Megyn Kelly asked Wisconsin governor Scott Walker about how "many in the Black Live Matter movement, and beyond, believe that overly aggressive police officers targeting young African Americans is the civil rights issue of our time. Do you agree? And if so, how do you plan to address it? And if not, why not?"
This question positioned Walker to give the expected, comforting to white America answer. He narrowed "the problem" of unarmed African Americans being killed and harmed by police to "training" the "very few" bad-apple cops who act racist.
It can get worse. Donald Trump, when questioned in another context on police brutality toward African Americans went directly to "crime" and the need to "to give power back to the police, because crime is rampant."
Donald Trump is effectively the "Id" (in Freudian terms) of American conservatism, an unfiltered window into the impulsive (mostly unconscious) part of the human psyche that responds directly and immediately to the instincts. Thus Trump's answer shows what the conservative base really instinctively feels about racism (he also shows the real problems on sexism, of course): Conservatives don't feel racism is really even a problem. The threat posed by black bodies to white America is the problem. According to Trump, policing of the black body needs to be increased, not decreased.
But the failure to name what is at stake in #BlackLivesMatter is not just a conservative failing. The problematizing of racism without clarity and specificity about exactly what matters on racism is also a failing of more liberal Americans. Candidate Hillary Clinton caused outrage when she used the liberal, universalizing #AllLivesMatter formulation in an African American church. As one person commented on Twitter, "Well she just locked down the racist white people who think they aren't racist vote." Indeed.
A Bernie Sanders event in Seattle was shut down on Saturday of this weekend by #BlackLivesMatter protestors who wished to turn attention to the anniversary of the killing of Michael Brown. A "largely white audience... booed and chanted for protesters to let the senator talk. A few yelled for police to make arrests."
Marissa Johnson, one of the protesters, said, "I was going to tell Bernie how racist this city is, filled with its progressives, but you did it for me," accusing the audience of "white supremacist liberalism." She cited Seattle's own police problems, including an ongoing Justice Department consent decree over use of force.
It is significant to me that it was Seattle where this happened, a city that is a symbol of technological "progress." The conclusion of Coates's Between the World and Me is a particularly chilling warning on the deep script of racism.
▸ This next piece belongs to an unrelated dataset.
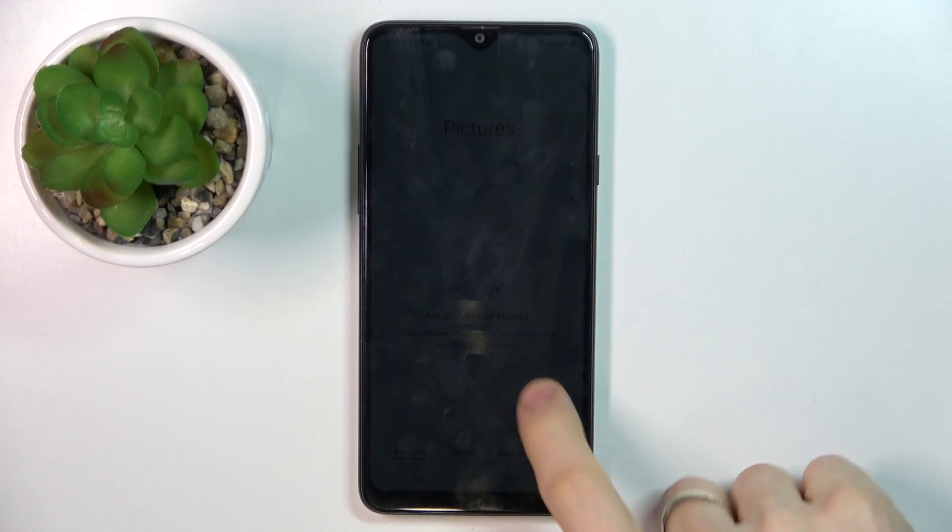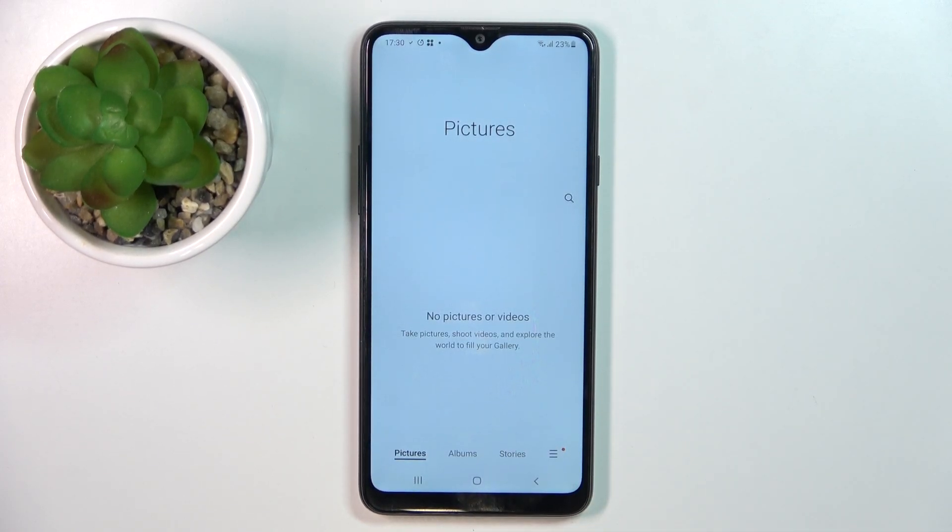Hi, welcome to Hard Reset Unifor channel. The device in front of me is a Samsung Galaxy A20s, and in this video I will show you how to recover deleted photos and videos from the recycle bin on this device.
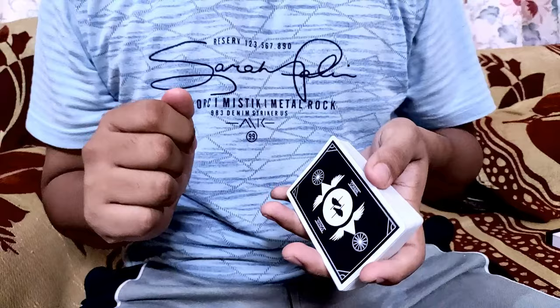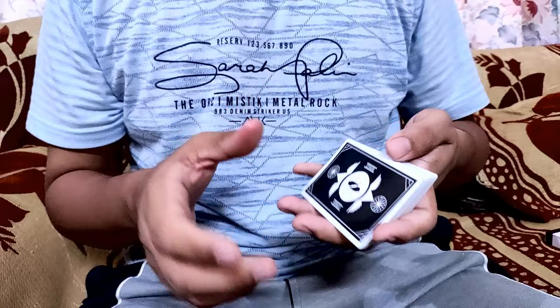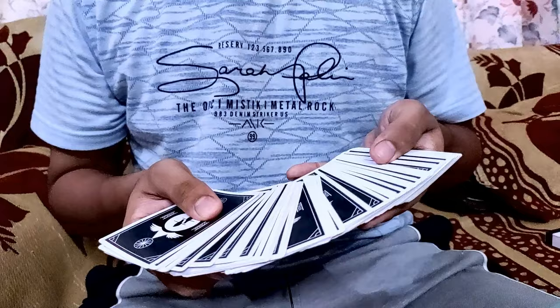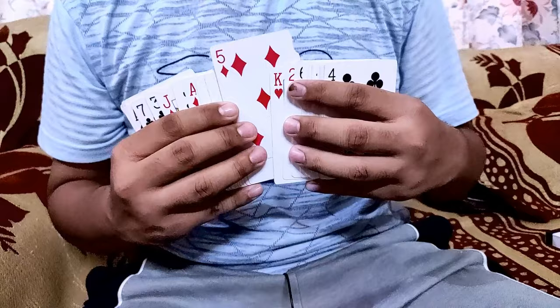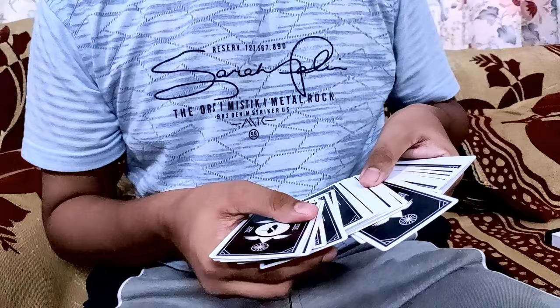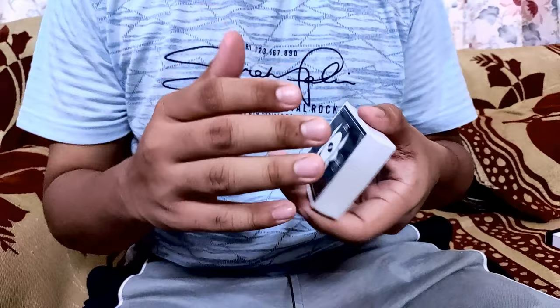Now let's learn how to do it. To perform this move, you need to spread the deck, and one important thing to keep in mind is that the deck should not be in a U-shape. You have to spread it straight forward, because if you spread it in a U-shaped way, this move will not be performed properly. When you spread the cards and the spectator selects one, you show them that this is their card.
According to Coates, the technological revolution "has freed the Dreamers to plunder not just the bodies of humans but the body of the Earth itself." And its vengeance, even now, is huge. "Something more awful than all our African ancestors is rising with the seas."
If liberal and conservative and middle-of-the-road white Americans want to wake up from "the Dream" and find their stake in ending the plundering of the black body, let it be this: The using and abusing of black bodies for profit in the name of progress is the same trajectory that will likely kill you (and me) as well.
That's what Gustavo Gutierrez meant. White Americans can find a real stake in #BlackLivesMatter. They need to make it a confrontation with the existential threat to humanity and to the planet that these racist forces pose, and then come to know why black lives actually matter.
And once you see that, you will act to put a stop to the American tradition of destroying the black body.